Mayor Bill de Blasio celebrates the passage of  for-hire vehicle industry regulation at Union Square on Thursday.
Mayor Bill de Blasio celebrates the passage of for-hire vehicle industry regulation at Union Square on Thursday. Photo Credit: Premier57

Mayor Bill de Blasio joined council members, taxi workers and advocates at Union Square Park Thursday to celebrate the passage of the country’s first cap on for-hire vehicles.

De Blasio said he will sign the five pieces of legislation on Tuesday. The package directly effects e-hail companies such as Uber and Lift and institute a yearlong moratorium on new for-hire licenses. The mayor said the new regulations would ease congestion on the streets, and help the yellow cab and for-hire vehicle drivers who had to struggle with declining incomes.

De Blasio, who abandoned similar regulation efforts in 2015, had harsh words for Uber and their public campaign against the legislation despite driver support.

“Uber a few years ago tried to be some white knight, and now people understand just how much damage Uber has done in many different ways,” de Blasio said.

Later Thursday, Uber spokeswoman Alix Anfang countered that the public’s main transit woe is the broken subway system, not for-hire vehicles.

“We urge Mayor de Blasio to advocate in the strongest terms for the one solution that transportation experts and editorial boards agree would actually solve for congestion and fix the subways — comprehensive congestion pricing,” she said in a statement.

The legislation, which passed with majority votes in the City Council on Wednesday, includes some stipulations. The 12-month cap won’t apply to new drivers with cars that are wheelchair accessible, and the city’s Taxi and Limousine Commission maintains the right to lift the cap if there is a need discovered in a specific area. The TLC also must establish a minimum wage for the drivers within 75 days.

City Council Speaker Corey Johnson said declining pay in the taxi and for-hire vehicle industry was one of the biggest factors behind the passage. Nearly 40 percent of the for-hire vehicles are empty, and six suicides by city drivers in the last couple of months added to the urgency, according to Johnson.

“This is not just about statistics,” he said. “It’s about the human lives.”

Taxi cab drivers, medallion owners, members of the New York Taxi Workers Alliance and their supporters hold a rally Wednesday on the steps of City Hall before the New York City Council voted on legislation that would regulate the for-hire vehicle industry.
Taxi cab drivers, medallion owners, members of the New York Taxi Workers Alliance and their supporters hold a rally Wednesday on the steps of City Hall before the New York City Council voted on legislation that would regulate the for-hire vehicle industry. Photo Credit: Charles Eckert

Bhairavi Desai, executive director of the New York Taxi Workers Alliance, said the bills’ passage brought a sense of relief for her members.

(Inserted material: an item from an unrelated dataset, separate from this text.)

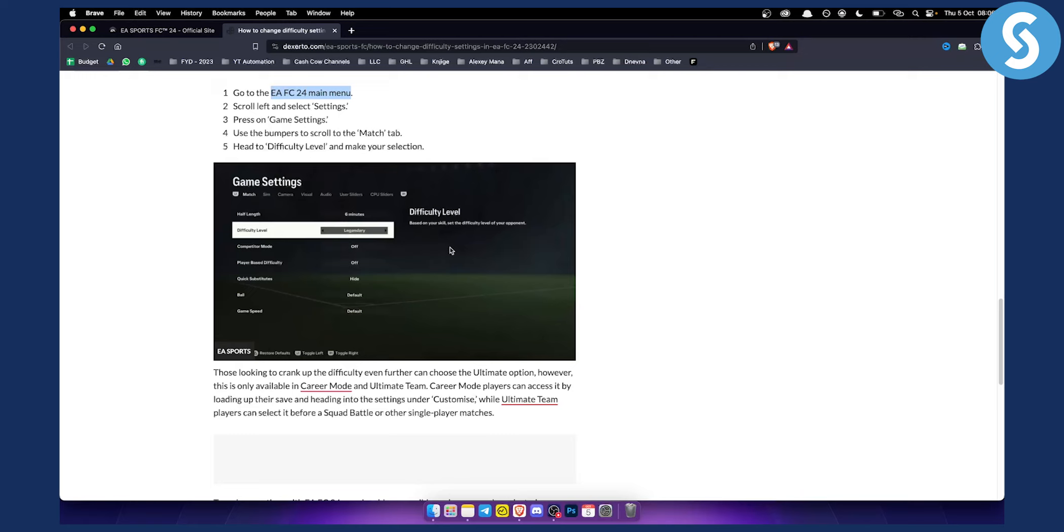Here, not only can you change the difficulty level, you can also change the half length, the competitor mode, the player base difficulty, quick substitutes, and ball and game speed as well.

“We just wanted to be seen. We just wanted to be heard,” she said. “We wanted our humanity to be recognized as something greater than corporate greed and corporate interest.”

Critics of the bills argue that the for-hire vehicles were the only transportation option for outer-borough residents. However, de Blasio argued that the new rules would not affect outer-borough service.

“I know there is already excess capacity out there, and what it means is that those drivers will have fares,” he said.